Spot checks are conducted by MYC4 on the providers twice yearly. The spot check involves a comparison of provider records with data on MYC4, as well as actual visits to sampled clients. The main purposes of the spot checks are:
- To ascertain that the data as it appears on the MYC4 platform is the same as that on the providers records.
- To verify that the loans are actually given to bona fide clients.
- To establish whether the providers are adhering to their policies and procedures approved by MYC4 at the time of carrying due diligence on the providers.
- Identify gaps in capacity that may be addressed through a capacity building program; as well as sharing industry best practice with the providers.
The spot checks on all partners were carried out between November 2010 and January 2011. The spot checks did not reveal any major issues, but there were some important concerns raised that we require the partners to address.
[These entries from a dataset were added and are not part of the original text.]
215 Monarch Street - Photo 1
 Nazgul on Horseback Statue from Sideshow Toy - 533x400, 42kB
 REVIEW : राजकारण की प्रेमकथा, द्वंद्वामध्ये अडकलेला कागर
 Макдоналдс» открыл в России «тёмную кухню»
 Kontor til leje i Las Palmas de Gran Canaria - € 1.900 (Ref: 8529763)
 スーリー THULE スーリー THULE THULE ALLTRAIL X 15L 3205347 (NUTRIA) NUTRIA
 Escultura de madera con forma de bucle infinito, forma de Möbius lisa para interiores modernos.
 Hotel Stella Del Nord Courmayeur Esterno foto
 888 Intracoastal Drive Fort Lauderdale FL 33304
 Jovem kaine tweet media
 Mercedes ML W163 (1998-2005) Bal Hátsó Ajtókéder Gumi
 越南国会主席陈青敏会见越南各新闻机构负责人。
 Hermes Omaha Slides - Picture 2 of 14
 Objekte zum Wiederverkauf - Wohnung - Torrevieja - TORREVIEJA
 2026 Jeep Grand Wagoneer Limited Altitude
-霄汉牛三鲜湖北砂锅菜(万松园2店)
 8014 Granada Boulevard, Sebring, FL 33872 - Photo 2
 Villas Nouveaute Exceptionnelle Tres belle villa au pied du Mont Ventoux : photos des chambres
The spot checks resulted in a rating for each provider on a scale of 1 -10 (10 being best score) which have now been fed into the star rating/ risk score of the providers. The average rating for the providers was 6, translating to small issues identified, of which the determined course of action is to require that providers address issues raised within agreed timelines. A rating of less than 5 results in the partner not being allowed to upload until the identified issues have been corrected. Effect of the spot check score on the overall provider rating can be accessed here by clicking on the stars.
Among the positive observations included:
- We have seen institutions where loans are consistently properly appraised using qualitative and quantitative techniques, with credit committee approval, and adherence to approval terms.
- Loan officers are held accountable for the quality of their portfolio, with weekly PAR review sessions with management. Bad loans are created at the appraisal stage and when loan officers know they are responsible for their mess, they are careful of quality from initial stages.
- Seen institutions that have introduced ESOP (employee share ownership plan) as a way of motivating staff.
- Good separation of functions and duties in all the institutions.
- Withholding tax deducted from investors duly remitted to the government in most institutions.
The main issues identified during the spot checks included:
- Differences between partner records and MYC4 were observed as follows: 1) Amounts received from clients were not entered on the platform as received. There were delays in entering amounts on the system. Agreed that even prepayments to be entered in the system as received; 2) Collateral listed on MYC4 differed with the actual collateral taken by provider. These cases were few and in some cases the collateral substituted with collateral of equal value; 3) Some loans were uploaded on the platform without the borrowers signing consent form.
- Loan assessment especially of repeat clients in some cases was found not to be adequately thorough. The providers were sensitized that many of the defaulting borrowers in the industry have previously had perfect repayment records on previous loans.
- There were some weaknesses observed in collateral perfection. There was a general need for consistency in application of legal requirements regarding securities. Most of the providers are already implementing the recommendations.
- Delinquency management in some institution needed a more professional approach. Loan follow-up to be tightened and well documented.
- Loan documentation was found not to be well done on some occasions, for example, Loan contract documents missing or signed blank; Storage of documents was also not properly done; Borrowings by limited liability companies not properly documented.
- Maps to the businesses were missing in some instances. However, in all instances there was some general description of the business location.
The next spot checks are scheduled to take place in Q2 and Q3 this year.